Corrales, who grew up in Sacramento, the son of a Columbian father and a Mexican mother, turned pro at age 18 and went on to compile a record of 40-5 (33 KOs). He won his first title in 1999 with a seventh-round stoppage of previously undefeated Robert Garcia. Now recognized as one of boxing’s top trainers, Garcia was making the fourth defense of his IBF 130-pound title.

Five years later, Corrales won the WBO world lightweight title with a 10th-round stoppage of Brazil’s previously undefeated Acelino Freitas. That set up a unification fight with the WBC belt-holder Jose Luis Castillo.

Corrales and Castillo met on May 7, 2005, at Mandalay Bay in Las Vegas. To say they put on a great fight would be an understatement. The boxing writers in attendance will tell you that this was the greatest fight of all time. It was named Fight of the Decade by The Ring magazine.

The final round, the 10th, was unbelievable.

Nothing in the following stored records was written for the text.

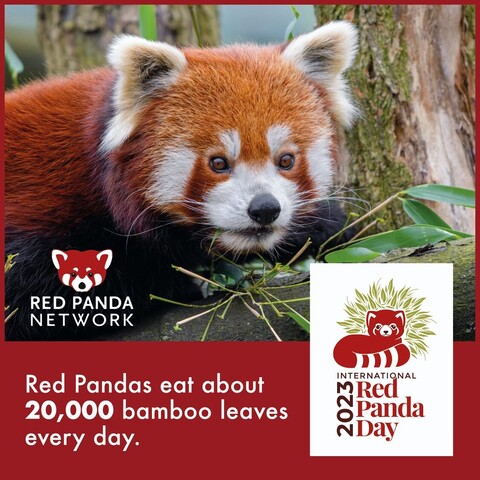 Photo of a Red Panda and a line that says "Red Pandas eat about 20,000 bamboo leaves every day.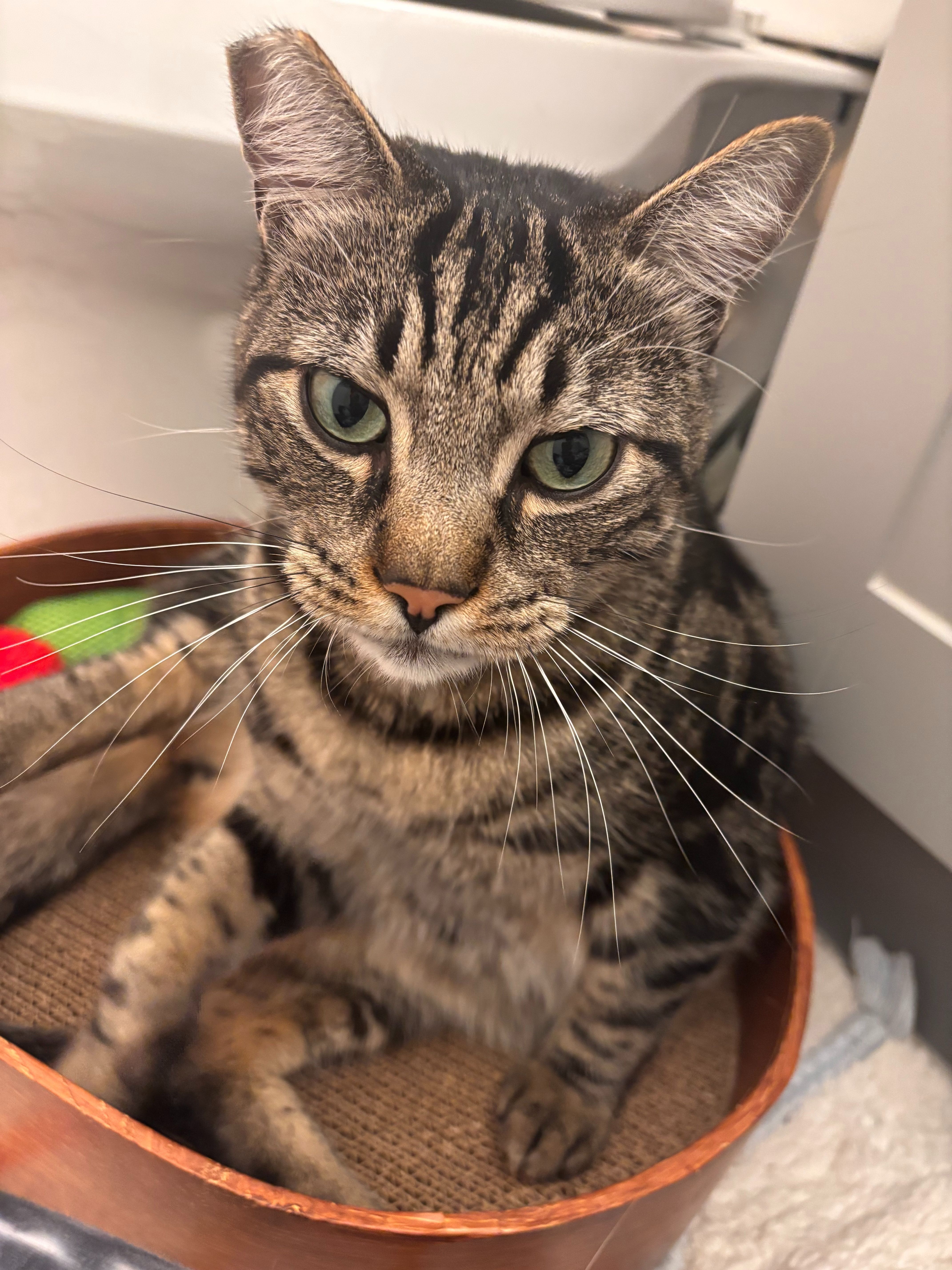 Found: Friendly Brown Tabby wi...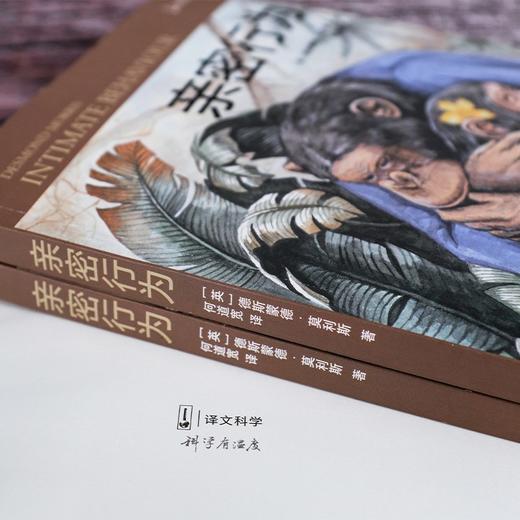 亲密行为 商品图5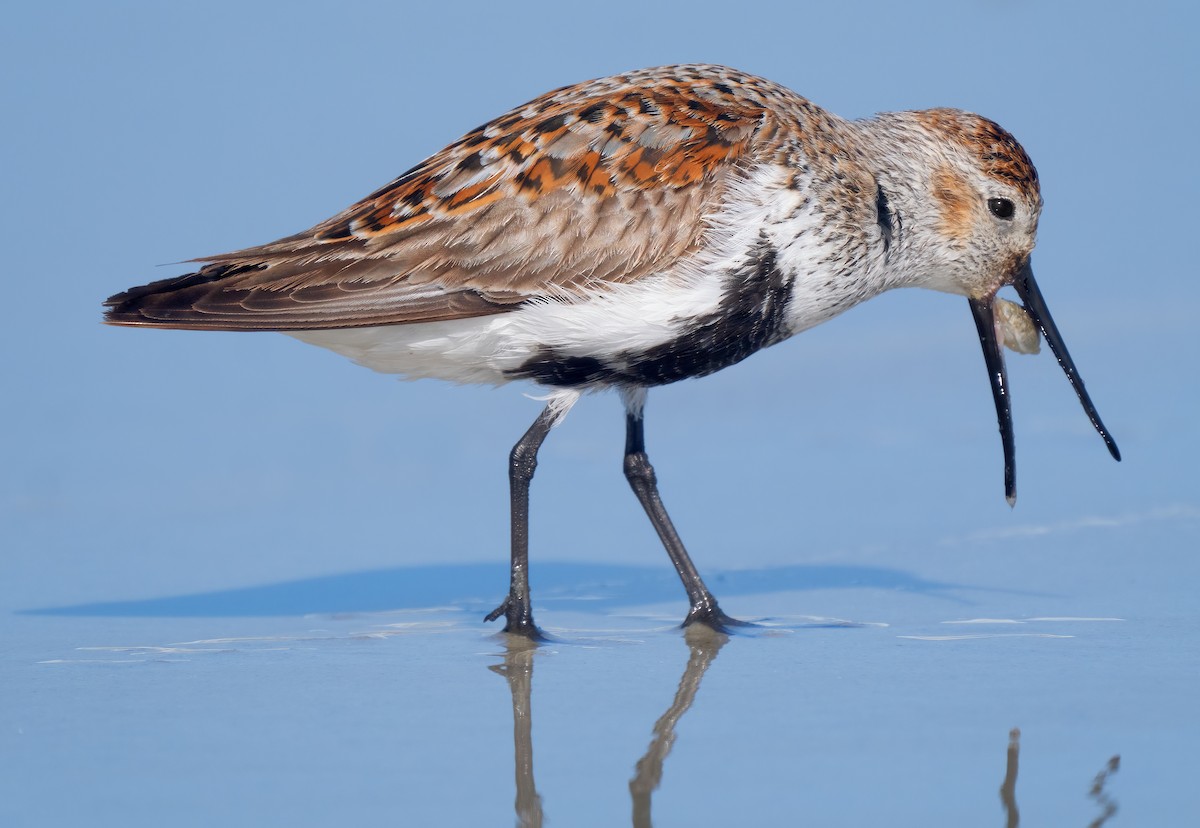 Dunlin - Mark Chappell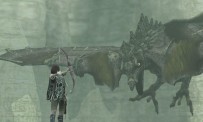 Shadow of The Colossus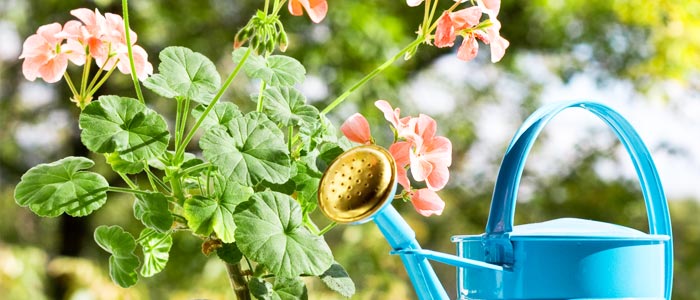 Watering Geraniums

Heading into the round, Corrales was ahead on two of the three scorecards, but his left eye was swollen nearly shut and during the round he was knocked down twice. No one would have faulted referee Tony Weeks for stopping the fight after the second knockdown. But, somehow, Corrales was able to rally, pulling the fight out of the fire with a barrage of punches that had Castillo out on his feet when Weeks waived it off.

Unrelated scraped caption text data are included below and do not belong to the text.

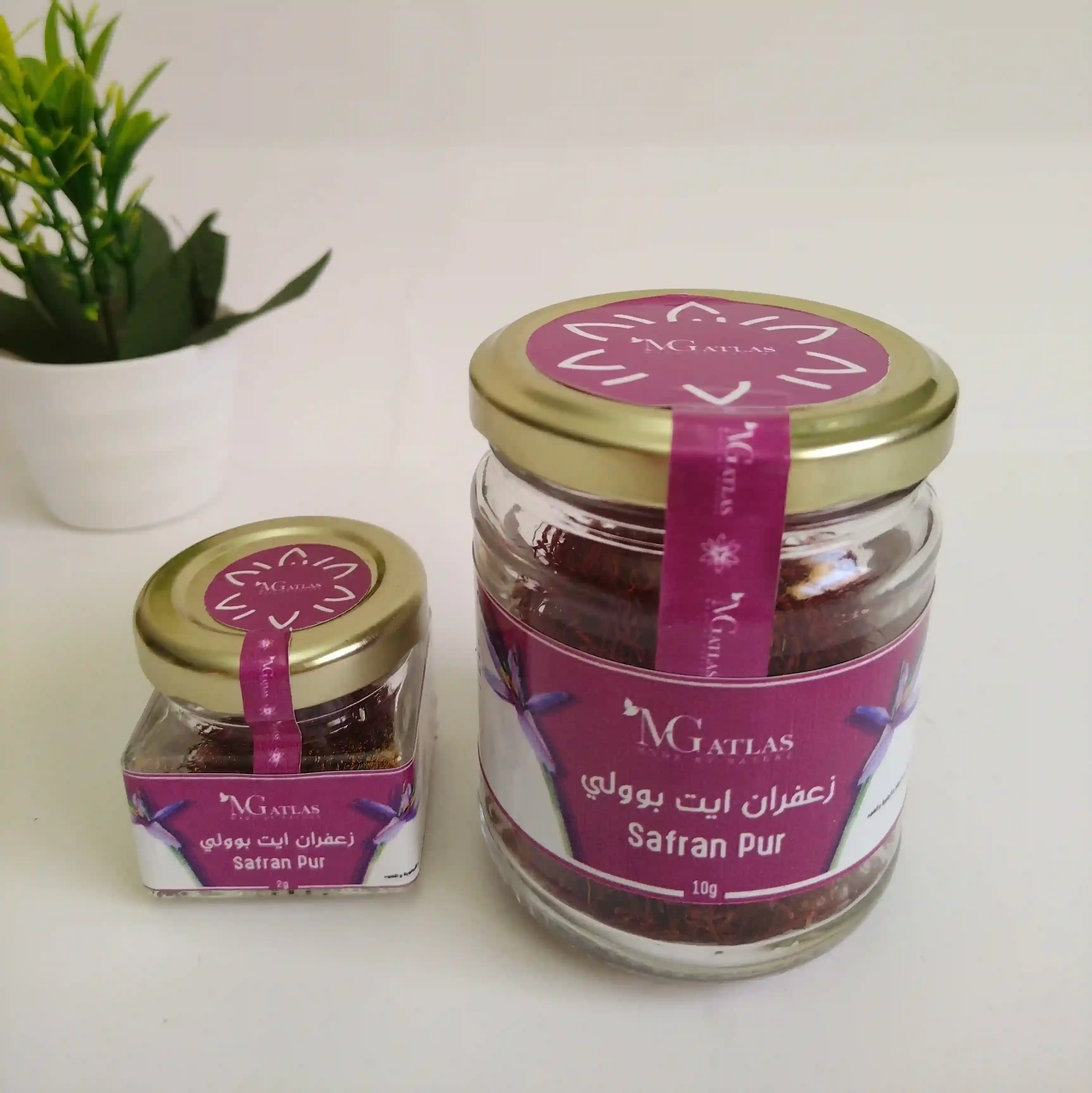 Organic Saffron from Aรฏt Bou Oulli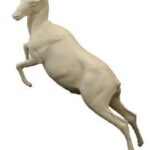 Ibex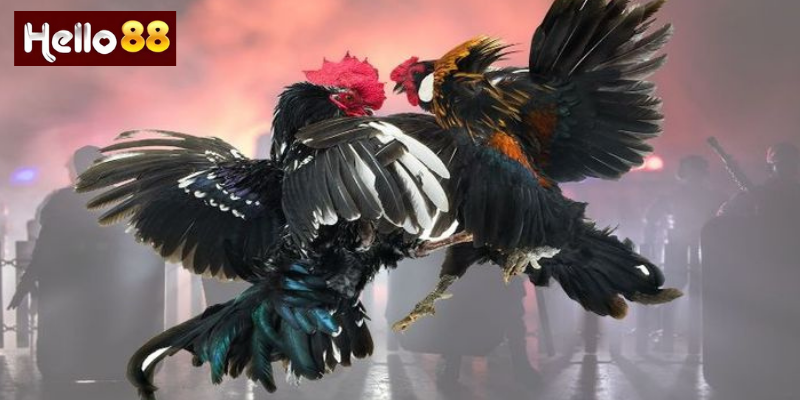 Cách Tham Gia Đá Gà Tre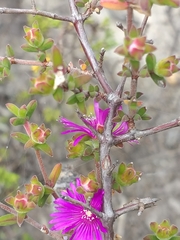 Drosanthemum parvifolium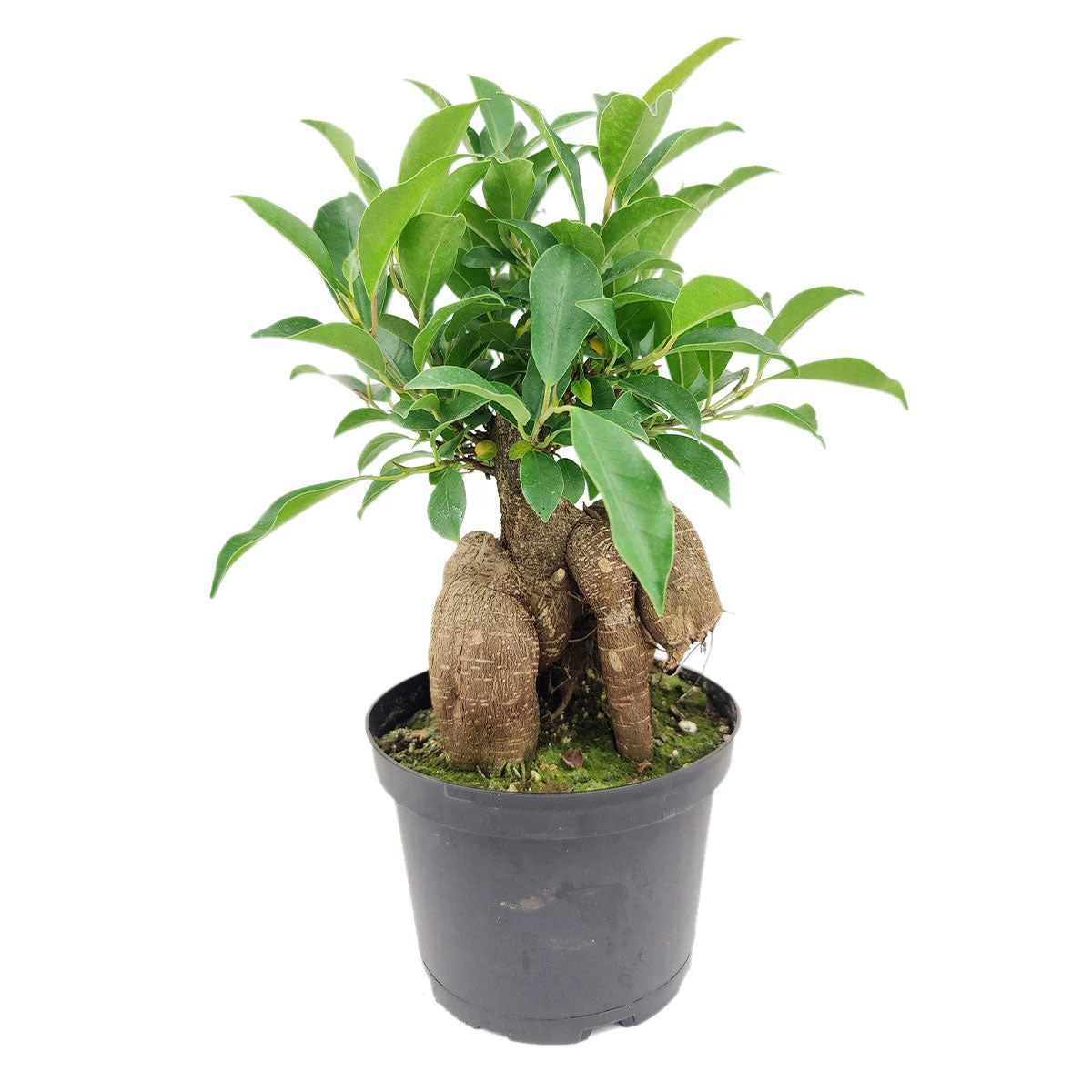Ficus Ginseng - Image 6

Two years to the very day of this iconic fight, Diego “Chico” Corrales died in a motorcycle accident in his adopted hometown of Las Vegas when he rear-ended a car while traveling at a high rate of speed. He was 29 years old.

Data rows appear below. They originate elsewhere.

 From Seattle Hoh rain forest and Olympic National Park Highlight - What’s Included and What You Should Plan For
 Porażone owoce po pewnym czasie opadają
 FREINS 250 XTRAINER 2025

Corrales was a thrill-seeker. In a 2006 profile, Las Vegas Review-Journal boxing writer Kevin Iole enumerated these among Castillo’s hobbies: jumping out of planes from 14,000 feet, bungee jumping from 400 feet, snowboarding in treacherous terrain and scuba diving amid a school of sharks. “He lived his life the same way he fought,” said his promoter Gary Shaw, “with reckless abandon.”

It might seem odd that it took so long for Corrales to be recognized by the Sacramento Sports Hall of Fame, but there was a period when Corrales’s name was mud in his hometown and perhaps the organization’s founder, Las Vegas sports radio personality T.C. Martin, a Sacramento native, thought it appropriate to let old wounds heal.

In 2001, shortly after suffering his first pro loss at the hands of Floyd Mayweather, Corrales pled guilty to felony domestic violence in the beating of his first wife and would serve 14 months in prison. “The whole family has worn a black eye for it,” Diego’s brother Esteban Corrales told Sacramento Bee reporter Marcos Bretan.

For all his recklessness, the incident didn’t jibe with his persona. In the company of Las Vegas sportswriters, the soft-spoken and well-spoken Corrales came across as polite and humble.

Corrales, one of five inductees in the 2020 class, joins three other boxers already installed in the Sacramento Hall: Pete Ranzany, Loreto Garza, and Tony “Tiger” Lopez.

Ranzany, a welterweight, fought four former or future world champions and was a fixture in Sacramento rings in the late 1970’s. Garza wrested the WBA super lightweight title from Argentina’s Juan Martin Coggi in France and successfully defended the belt here in Sacramento with a one-sided conquest of Vinny Pazienza. Lopez, Sacramento’s most popular fighter ever, made the turnstiles hum at the city’s largest arena where he fought eight of his 14 world title fights beginning with his 1988 humdinger with defending IBF 130-pound champion Rocky Lockridge.

Among the speakers at tonight’s confab will be Kenny Adams. Perhaps best known as the head trainer for the 1988 U.S. Olympic team that won eight medals in Seoul, Adams currently trains Nonito Donaire. He was with Diego Corrales for 24 fights, during which Corrales was 23-1, avenging the lone defeat by Joel Casamayor. Festivities start at 7 pm.